Even and Odd Composite Numbers
- All even numbers greater than 2 are composite.
- Example: 4, 6, 8, 10.
- Odd composite numbers are those odd numbers with more than two factors.
- Example: 9 (3 × 3), 15 (3 × 5).
Factors and Divisibility
- A composite number can be factored into smaller numbers other than 1 and itself.
- Every composite number can be expressed as a product of prime numbers (prime factorization).
- Example: 12 = 2 × 2 × 3.
- Composite numbers have at least one divisor other than 1 and itself.
Prime Factorization Property
- The Fundamental Theorem of Arithmetic states every composite number has a unique prime factorization (except for the order of factors).
- Example: 18 = 2 × 3 × 3.
Identification of Composite Numbers
- If a number has more than two factors, it is composite.
- If a number can be divided evenly by any integer other than 1 and itself, it is composite.

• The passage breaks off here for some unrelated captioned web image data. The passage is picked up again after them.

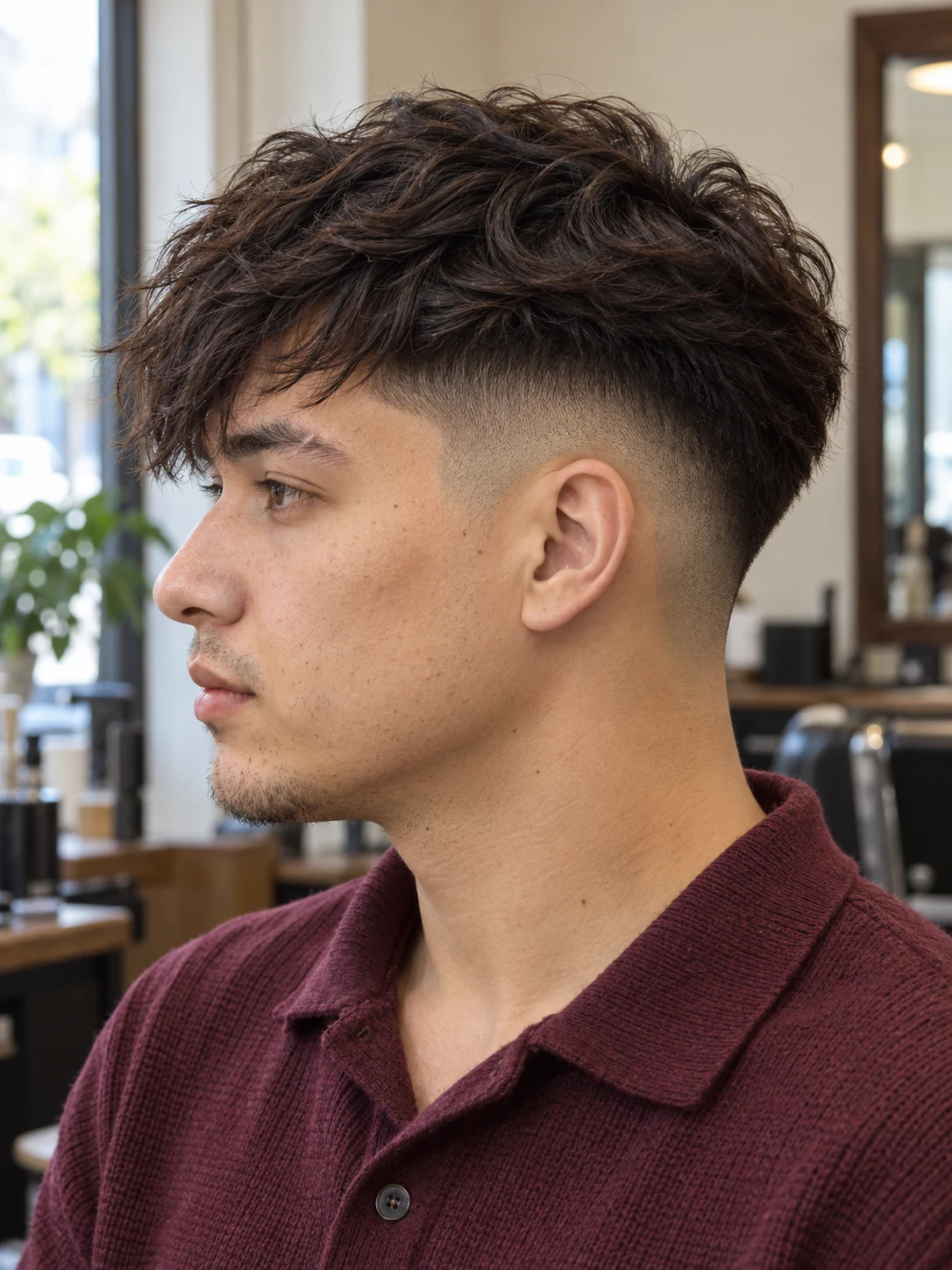 AI haircut concept: low drop fade with a diagonal broken fringe, young adult left-side reference.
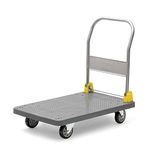 EQUAL 400kg Capacity Plastic Foldable Platform Trolley for Heavy Weight/Material Handling Goods Trolley for Home, Office, Warehouse & Industries - 60cm x 90cm (5" Wheel/Blue)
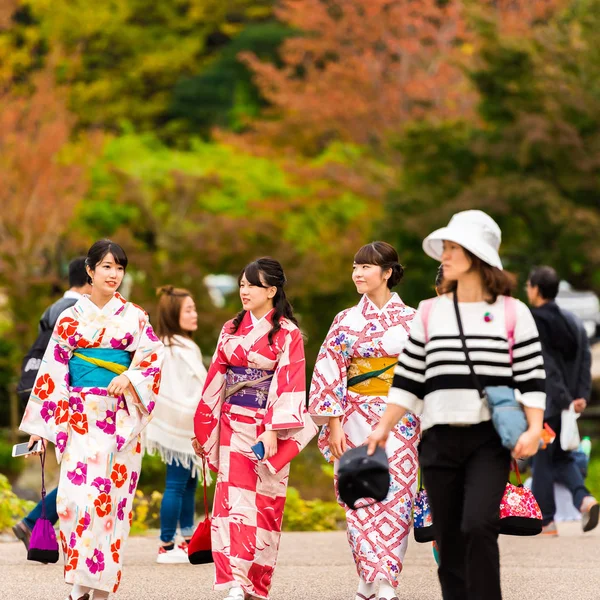 Kyoto Japonya Kasım 2017 Grup Bir Kimono Bir Şehir Sokak — Stok fotoğraf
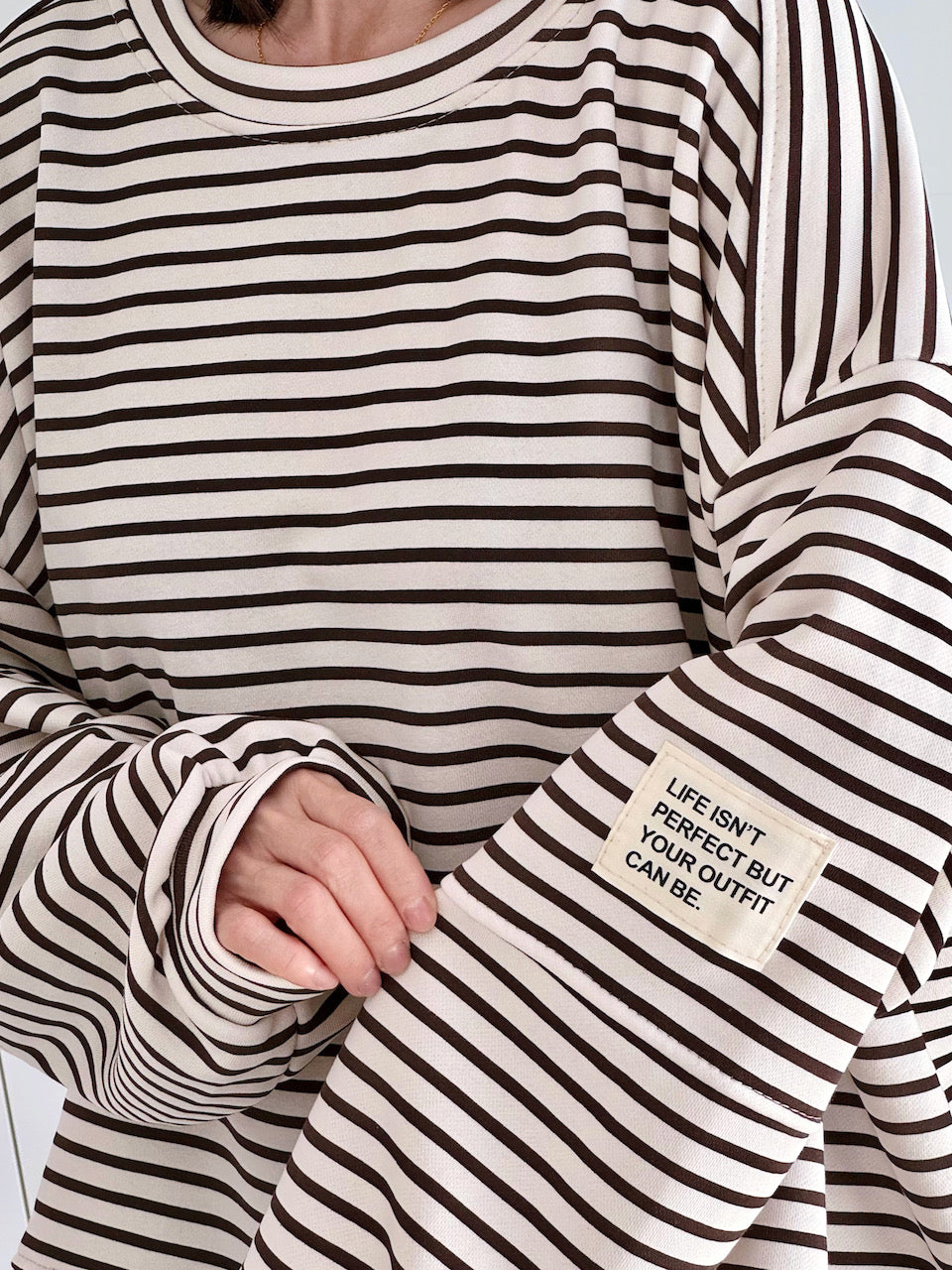 Sweatshirt, Perfect Life, Streifen, Cremeweiß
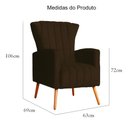 Ver imagem 2 de Kit 2 Poltronas Estofada Melinda Sala Recepção Suede:Marrom/Liso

- Example: 21 is divisible by 3 and 7.
Special Cases
- 1 is neither prime nor composite.
- 2 is the only even prime number, and not composite.
- All other even numbers >2 are composite.
Properties Related to Multiples
- Every composite number is a multiple of a smaller natural number other than 1.
- Example: 20 is a multiple of 4 and 5.
- Composite numbers are useful in finding LCM and HCF.
Square and Cube Composites
- The square of any prime number is always composite.
- Example: 5² = 25 (composite).
- Any number with a square root that is a whole number (except primes) is composite.
Composite Number Examples
- 4, 6, 8, 9, 10, 12, 14, 15, 16, 18, 20.
- All have more than two factors.
Common Mistakes to Avoid
- Thinking 1 is composite (it is not).
- Forgetting that 2 is prime, not composite.
- Assuming all odd numbers are prime (e.g., 9 is composite).
Miscellaneous Facts
- The study of composite numbers is a part of number theory.
- Composite numbers are essential in mathematics, coding, and cryptography.
- Learning to quickly identify composite numbers improves speed and accuracy in exams.